My dad moved that same summer and I ended up staying with my best friends parents for a little while. I got a job to pay for transportation. In order to meet my obligations I had to work after school and I quit sports in order to do so. After a few months the living arrangements started to go sour. I began clashing with the people I lived with. Looking back I know they were trying to help me but at the time it was suffocating to be under such strict rule. I left.
That was the first of many mistakes. I moved into a roommate situation with my boss's daughter. I was on my own and I was 16 years old. I was floundering for love, affection, security, and stability. I had dropped out of sports to work--and sports were the one thing that was likely to keep my grades up and keep me in school. I slowly dropped out over a period of time my junior year. I showed up to class less and less and finally stopped altogether. Instead of going to school I went to work. I lived on my own, I worked to pay my bills--I lived an adult life.
I eventually moved back to Orem my senior year and started attending a high school there. I was a very small fish in a huge sea and not many weeks went by before I quit going. There is a power that comes to a child when they have a loving and caring adult in their lives who can pull them when they can't do it themselves. I wish I would have had that.
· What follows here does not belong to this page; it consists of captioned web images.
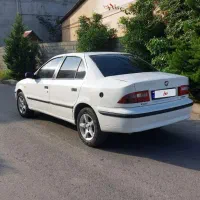 سمند ال ایکس دوگانه شرکتی 1389|خودرو سواری و وانت|آمل, |دیوار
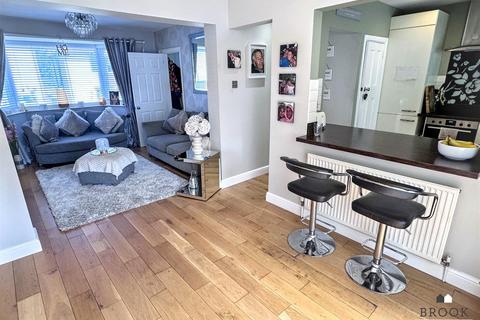 undefined, Downs Avenue, Eastbourne BN20
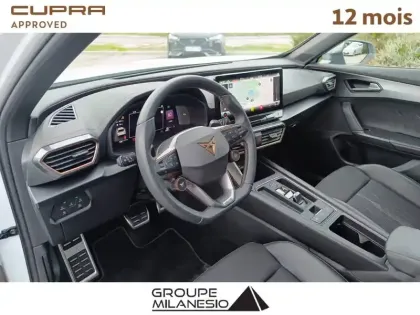 Photo 12 Cupra Formentor  1.4 e-HYBRID 245 ch DSG6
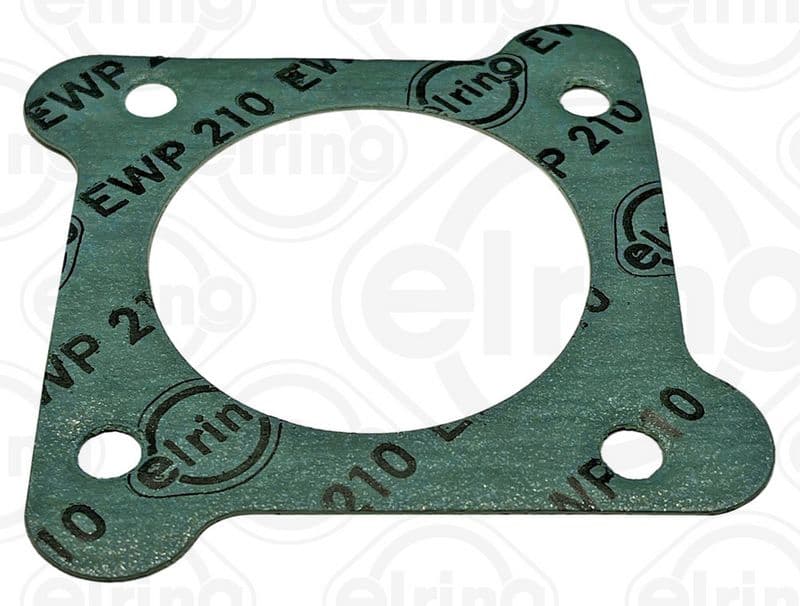 Gasket, intake manifold housing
The Wasatch High School Class of '97 has really stirred the pot for me. It hurts to remember. My family, my friends, my home in Midway, the exhilaration of competition in sports....all the things that meant so much to me were gone in a matter of months. My decisions would continue to drive me to deeper and deeper despair.
I often ponder if I will tell my kids my regrets, poor decisions, and even secrets about my life that I won't pen on this page. Will it help them? Will it hinder them? Only prayer will give me the answers that I seek when the time comes.
I yearn for my children to gain a testimony of the reality of the Savior before they encumber themselves about with much sorrow from wrong choices. For me, my sorrow led me to Christ, and if my sorrow was the only way to find Christ I would go through it again. He is my lifeline and my friend. He died for me and rose again. He lives. The pain of sin can be unbearable. Christ took my burden of sin upon himself and with his stripes I am healed. O my Savior, how I long to fall at your feet and bathe your feet with my tears of gratitude.
High school is a done deal. As for the class of '97, I bid you farewell. I know that I will graduate one day (from college). I am driven. I will wear a gap and gown and I will smile my best smile. I will take my moment of triumph and tuck it away in my heart. I will be at peace with myself and I will have made my restitution. Until then, I have regrets.